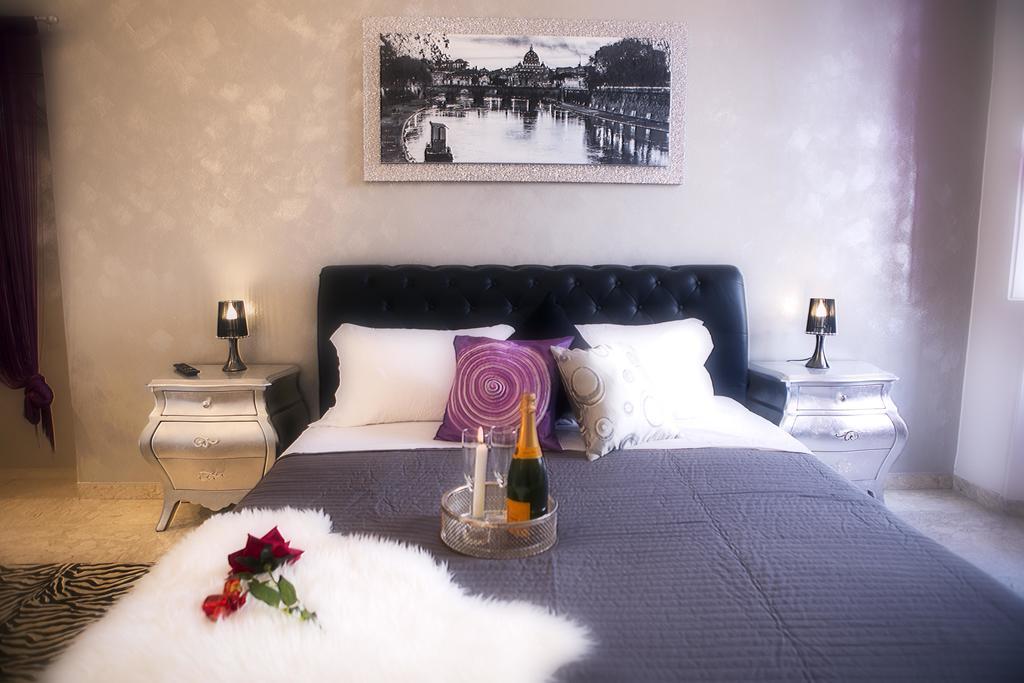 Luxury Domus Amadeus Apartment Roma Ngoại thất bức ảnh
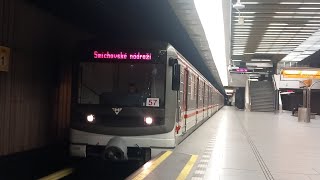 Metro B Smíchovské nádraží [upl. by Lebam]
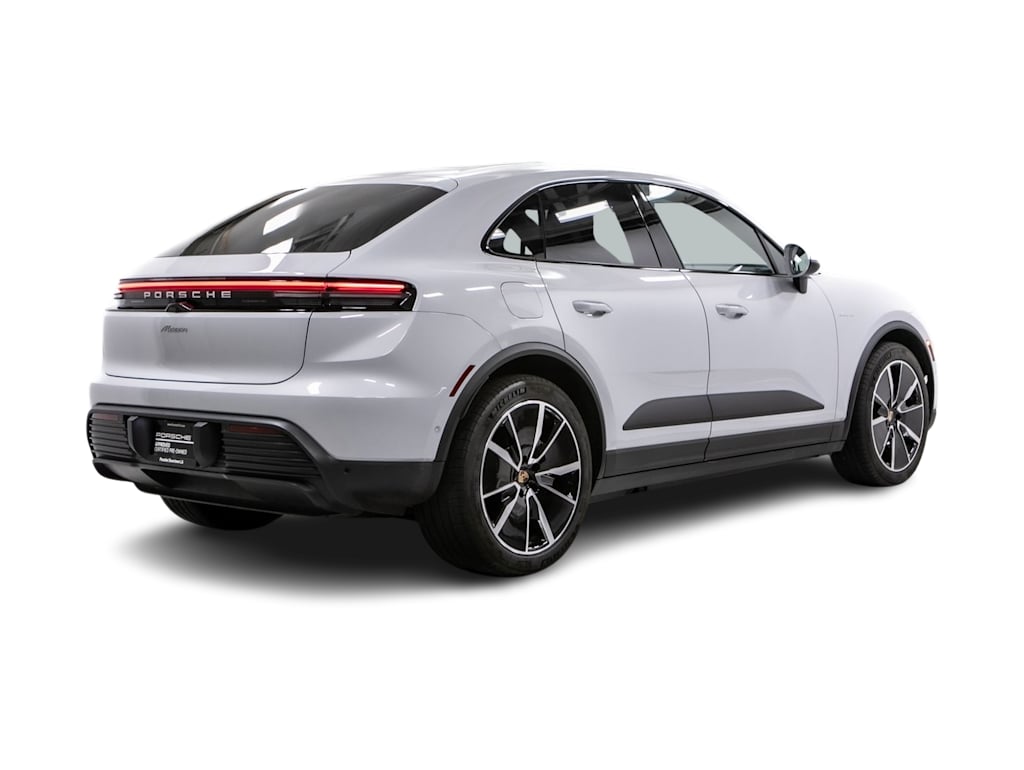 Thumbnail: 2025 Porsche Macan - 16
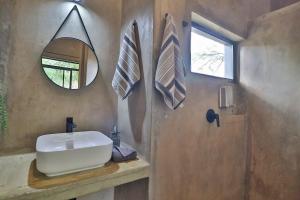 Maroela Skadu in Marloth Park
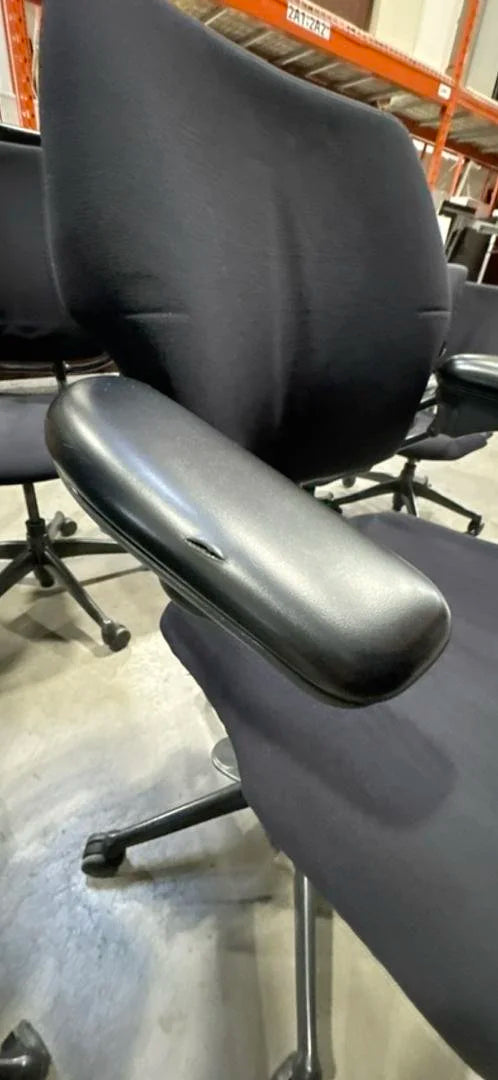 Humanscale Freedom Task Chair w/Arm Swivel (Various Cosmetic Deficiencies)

▬▬▬▬▬▬

TASK DIRECTIONS
Your reply should consist of the data, transcribed exactly, and should hold no pictures.

EXPECTED ANSWER
 Luxury Domus Amadeus Apartment Roma Ngoại thất bức ảnh
 Metro B Smíchovské nádraží [upl. by Lebam]
 Thumbnail: 2025 Porsche Macan - 16
 Maroela Skadu in Marloth Park
 Humanscale Freedom Task Chair w/Arm Swivel (Various Cosmetic Deficiencies)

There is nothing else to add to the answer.